Plusieurs initiatives politiques ont, il est vrai, joué les trouble-fêtes. Et mis une pression supplémentaire sur les négociateurs. La commission des finances de l’Assemblée nationale avait annoncé, le 12 janvier, une mission d’information sur l’évaluation des outils fiscaux et sociaux de partage de la valeur dans l’entreprise.

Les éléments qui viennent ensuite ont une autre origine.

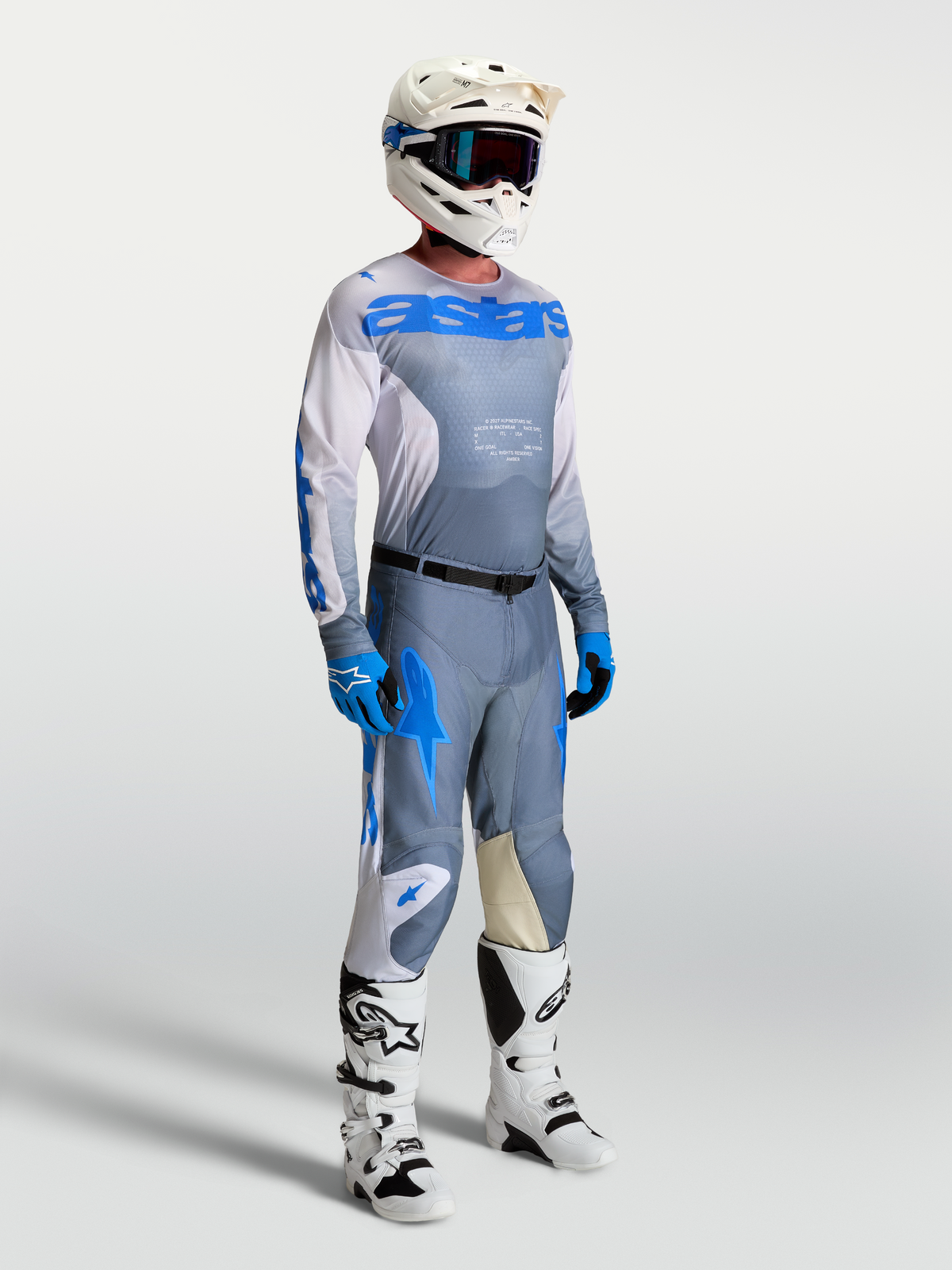 Maillot Racer Amber Alpinestars, tenue de motocross pour homme, gris cendré et bleu, porté par un mannequin avec casque et bottes de performance.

En parallèle, Renaissance, le parti présidentiel, avait indiqué qu'il prévoyait de faire voter une loi au printemps, qui imposerait une participation généralisée dans les entreprises de moins de 50 salariés.

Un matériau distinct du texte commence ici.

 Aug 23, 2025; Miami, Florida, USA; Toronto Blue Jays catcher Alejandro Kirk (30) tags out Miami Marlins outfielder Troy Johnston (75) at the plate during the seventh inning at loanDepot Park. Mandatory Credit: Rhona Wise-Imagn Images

Au point où Geoffroy Roux de Bézieux, le président du Medef, a qualifié cette négociation "d’impossible", le 18 janvier, critiquant l’attitude du gouvernement et des membres du parti Renaissance qui ont annoncé "les résultats avant la fin".

Pour déjouer ces pronostics, les organisations patronales et syndicales ont donc cherché à mener "jusqu’au bout" cette négociation.

"Le fait d’ouvrir à la signature cet accord avec un engagement favorable d’une majorité d’organisations démontre que nous avons repensé la façon dont on pilote la démocratie sociale dans notre pays depuis l’accord du 14 avril sur le paritarisme", insiste Eric Chevée.

"Dans le contexte social particulièrement complexe de notre pays, cette négociation paritaire interprofessionnelle importante démontre l’efficacité du dialogue social (…) et témoigne de notre capacité à faire vivre cet accord sur paritarisme", abonde Hubert Mongon.

Garde-fou en cas de transposition de l'accord

Le projet d’accord prévoit, à ce titre, un dernier garde-fou à l’attention des pouvoirs publics en cas de transposition de l’accord. L’article 35 insiste pour que dispositions réglementaires soient en ligne avec les dispositions du texte. "A cet effet un comité de suivi de la mise en œuvre du présent accord par les pouvoirs publics est constitué pour une durée de deux ans à compter de sa signature".

Sans attendre toutefois le résultat de la consultation des partenaires sociaux, Renaissance a annoncé l’organisation d’une convention sur le partage de la valeur qui se déroulera le 20 février, mais dont les premières concertations commenceront dès aujourd'hui.

La balle est désormais dans le camp de l’exécutif.